GWAS Tutorial Using Blood Pressure Traits
This template workspace was created to offer example tools for conducting a single variant, mixed-models GWAS focusing on a blood pressure trait from start to finish using the NHLBI BioData Catalyst ecosystem. We have created a set of documents to get you started in the BioData Catalyst system. If you're ready to conduct an analysis, proceed with this dashboard:
Data Model
This template was set up to work with the NHLBI BioData Catalyst Gen3 data model. In this dashboard, you will learn how to import data from the Gen3 platform into this Terra template and conduct an association test using this particular data model.
TOPMed Data
Currently, BioData Catalyst's Gen3 hosts the TOPMed program, which is controlled access. If you do not already have access to a TOPMed project through dbGAP, this template workspace may not yet be helpful to you. To apply for access to TOPMed, submit an application within dbGAP.

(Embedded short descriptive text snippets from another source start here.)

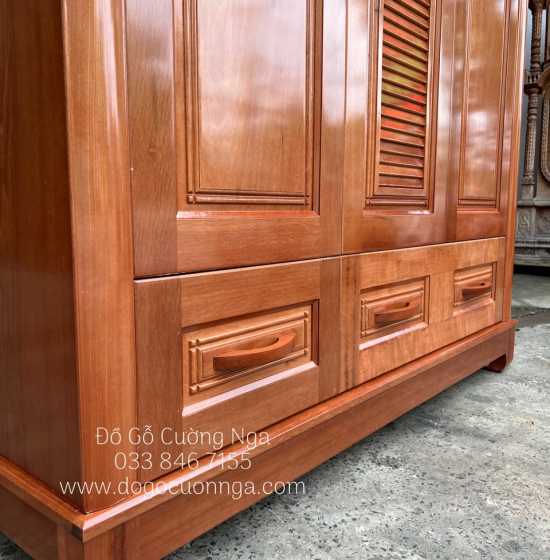 Tủ Quần Áo Gỗ Xoan Đào 3 Cánh 1m6 Đẹp Cao Cấp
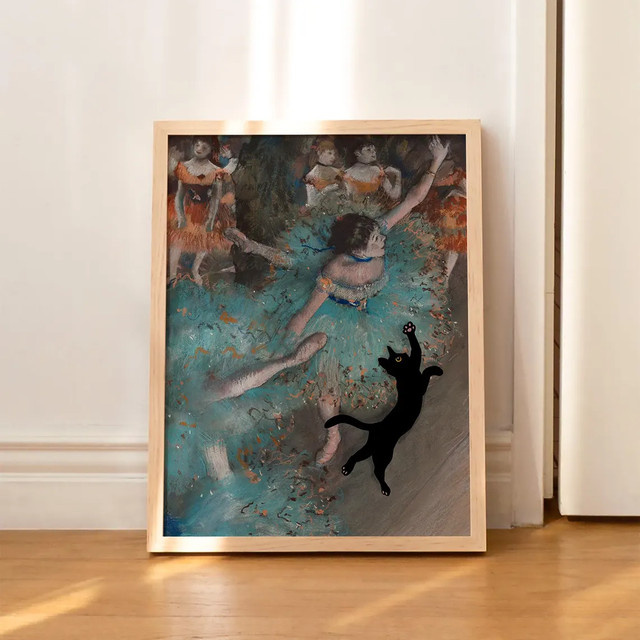 SHENCHEN Wanddruck Schwarze Katze im Degas-Ballerina-Stil als dekoratives Gemälde in Schwarz und Multicolour - Bild 1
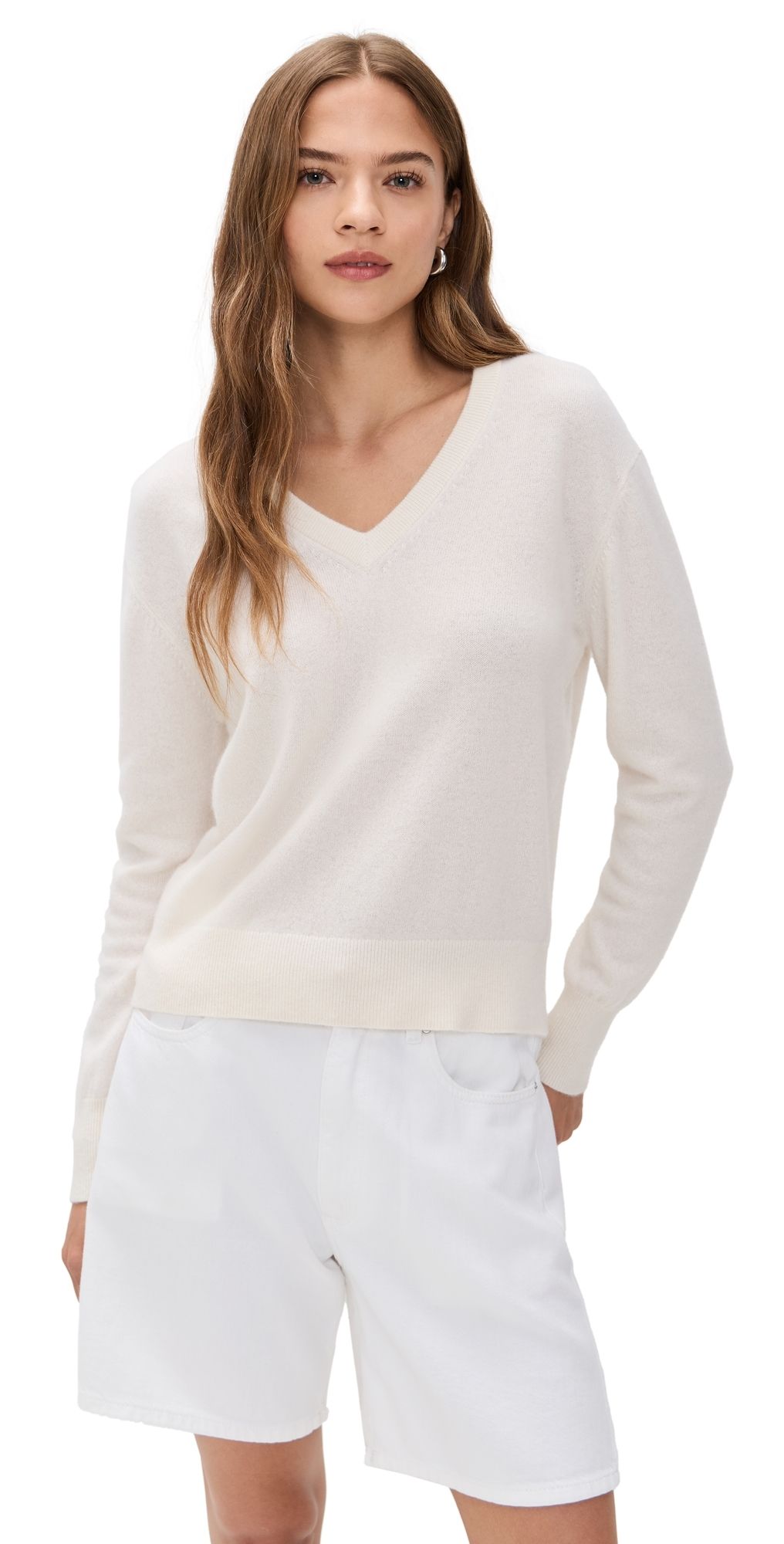 White & Warren Cashmere V Neck Soft White L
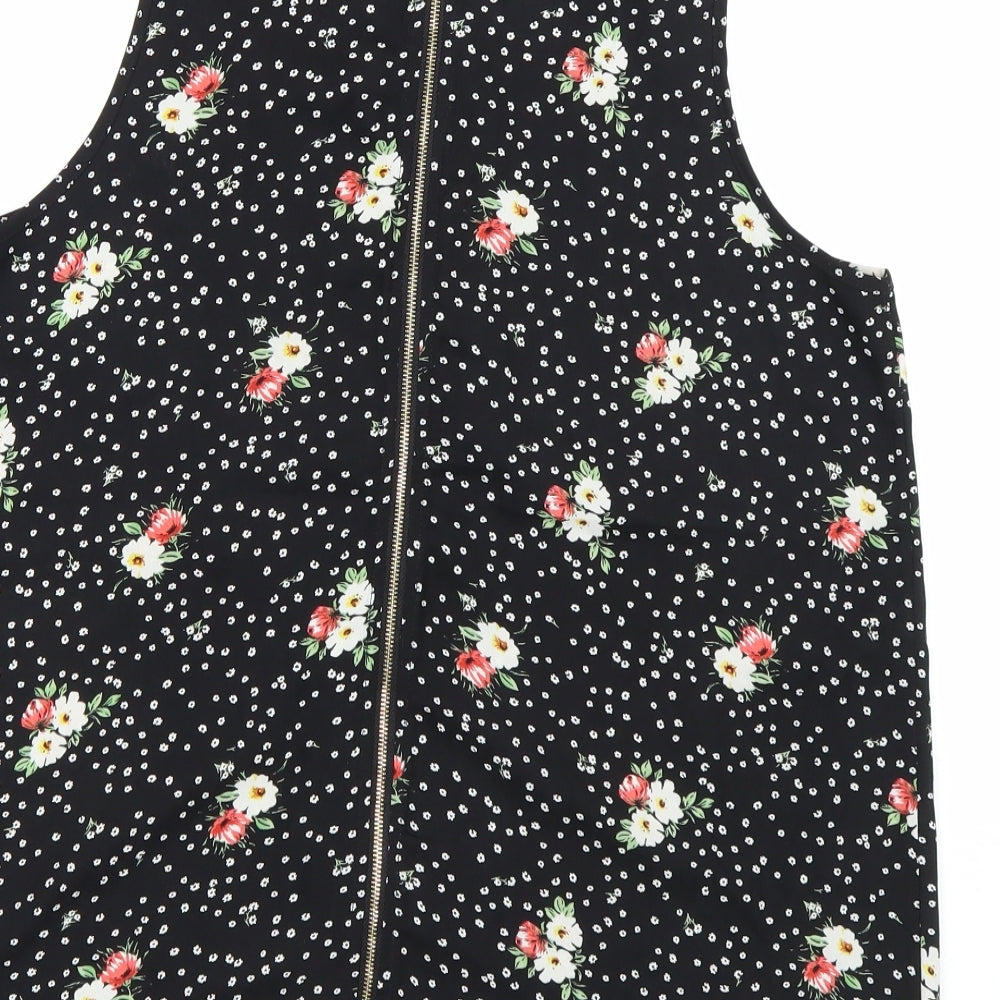 Cameo Rose Womens Black Floral  Basic Blouse Size 14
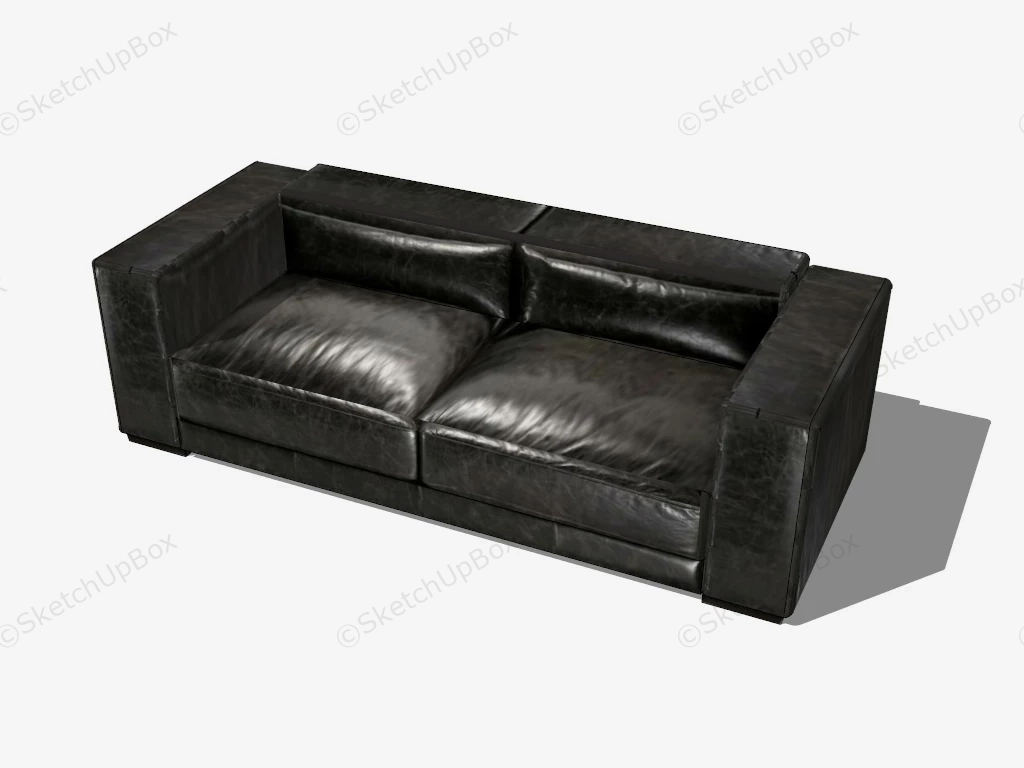 Black Leather Loveseat sketchup model preview - SketchupBox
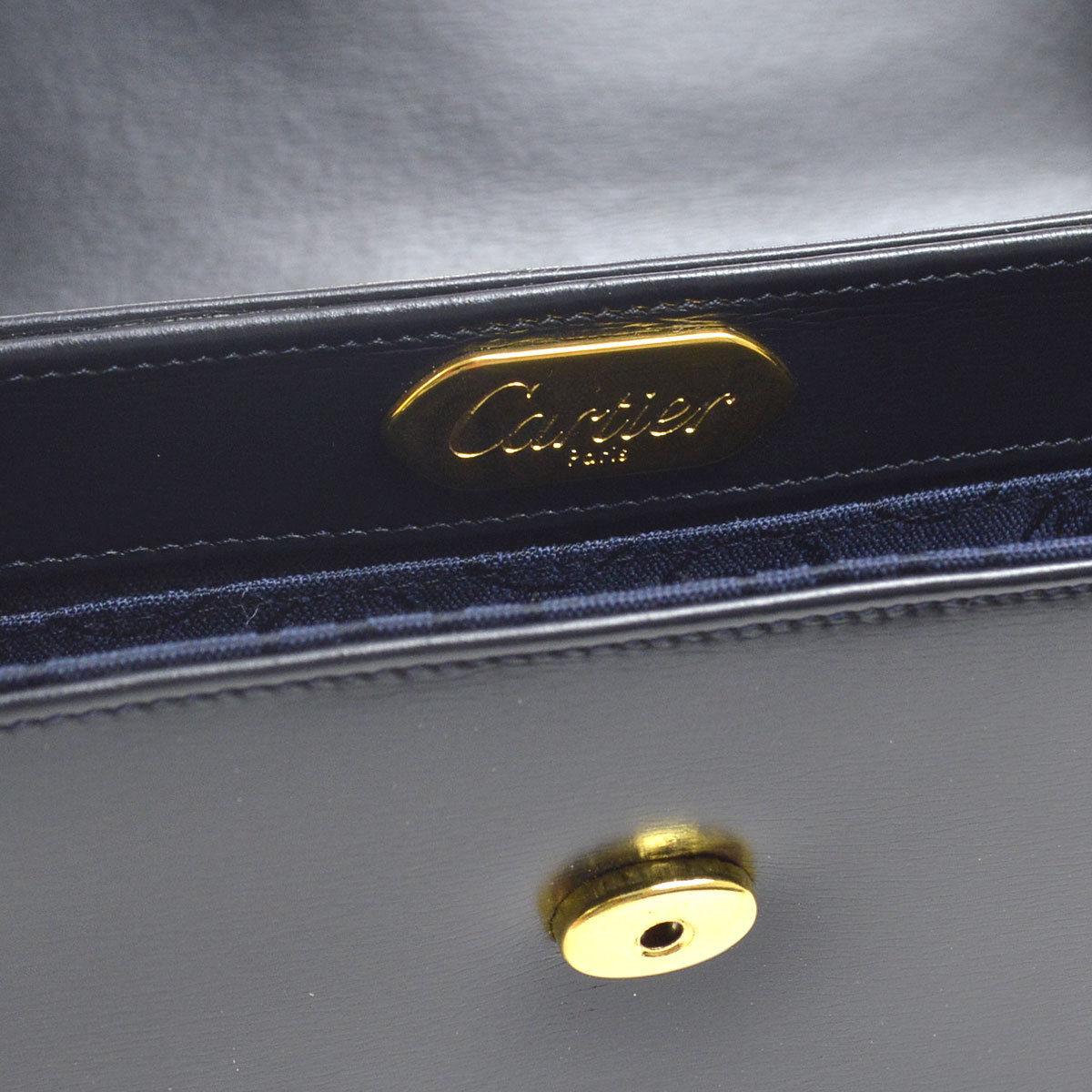 Cartier Dark Midnight Blue Leather Gold Emblem Envelope Evening Clutch Flap Bag 2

If you already have access to a TOPMEd project and have been onboarded to the BioData Catalyst platform, you should be able to access your data through BioData Catalyst powered by Gen3 and use your data with this template workspace. We focused this template on analyzing a blood pressure trait, but not all TOPMed projects may contain blood pressure data. You will need to carefully consider how to update this analysis for the dataset you bring and how this may affect the scientific accuracy of the question you are asking.
A note about TOPMed metadata
Some types of metadata will always be present: GUID, Case ID, Project Name, Number of Samples, Study, Gender, Age at Index, Race, Ethnicity, Number of Aliquots, SNP Array Files, Unaligned Read Files, Aligned Read Files, Germline Variation Files.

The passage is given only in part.